Dans une nouvelle de Sum : Forty Tales from the Afterlives, un recueil fantaisiste sur la vie après la mort, David Eagleman développe l’idée selon laquelle nous sommes des machines dotées d’appareils technologiques (nos sens) envoyées sur terre par des martiens pour faire du repérage et analyser le territoire. Mais le résultat est décevant : nous passons notre temps à récolter des informations sur nous-même et surtout à nous prendre en photo. Dans cette perspective, Faces Then et Faces Now, les expositions printanières des BOZAR sur le portrait, sont un compte-rendu de cette obsession pour nous-mêmes.
À l’époque
Faces Then se focalise sur les portraits de la Renaissance du XVIème siècle au Pays–Bas, une époque qui a vu fusionner les conceptions artistiques des primitifs flamands, fervents défenseurs du réalisme, et de la tradition italienne, inspirée par l’idéalisme. Marqués par le protestantisme plutôt réservé sur les images (c’est un euphémisme), le courant flamand estimait que l’Homme (et l’homme aussi), la plus haute créature de Dieu, devait être fidèlement représentée. Au contraire, les artistes du Sud visaient le sublime, la perfection, pour se rapprocher d’un idéal et rendre honneur à Dieu. Le XVIème voit en outre se développer un important questionnement sur le peintre comme artisan et/ou comme intellectuel. Certains artistes conjugueront d’ailleurs les deux dimensions en se représentant au travail avec une référence à la connaissance, comme dans l’autoportrait de Anthonis Mor.

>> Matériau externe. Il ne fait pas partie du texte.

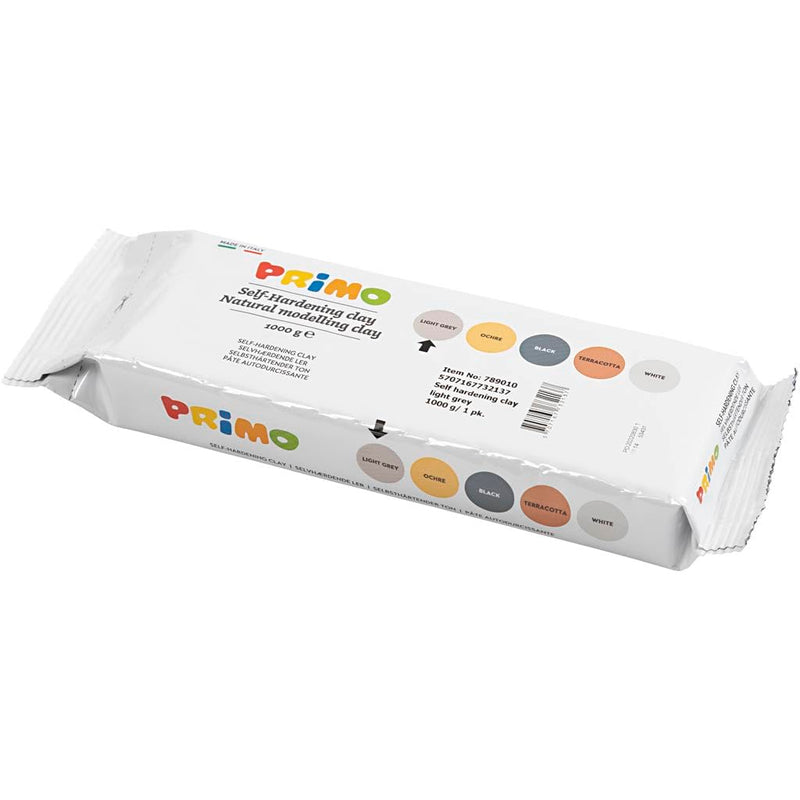 Creativ 789010 Self-Hardening Clay, light grey, 1000g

Parmi les portraits choisis, on observe également la démocratisation du genre jadis mineur en comparaison avec les représentations religieuses. Si le portrait était de fait initialement réservé aux régnants et aux nobles il est devenu une fantaisie de plus en plus répandue jusqu’à ce que les tableaux commencent même à être acquis pour leur valeur esthétique et non plus pour leur sujet. Malgré l’austérité des tableaux selon nos codes contemporains, certains révèlent grâce à un regard attentif des rendus exceptionnels, que cela soit dû à leur rareté comme le Portrait d’homme issue d’une collection privée, leur particularité comme le tableau de Catharina van Hemessen (seule femme peintre de l’exposition Faces Now), leur maîtrise naturaliste comme le Portrait d’un homme d’auteur inconnu du Art Institute de Chicago ou encore leur saisissante expressivité comme le Portrait d’une dame âgée avec son chien de Frans Floris de Vriendt.
De nos jours
La présence de très nombreux photographes d’horizon divers fait de Faces Now une exposition très, voire trop éclectique. Le risque est grand de se perdre dans les considérations et démarches évoquées, parfois redondantes, parfois antagonistes. Le point commun de toutes les photographies est néanmoins un questionnement sur l’identité dans un cadre européen. Elles sont réparties dans 7 « salles » (espaces) qui sont autant de paradigmes (en gras dans la suite du texte) pour appréhender ces images.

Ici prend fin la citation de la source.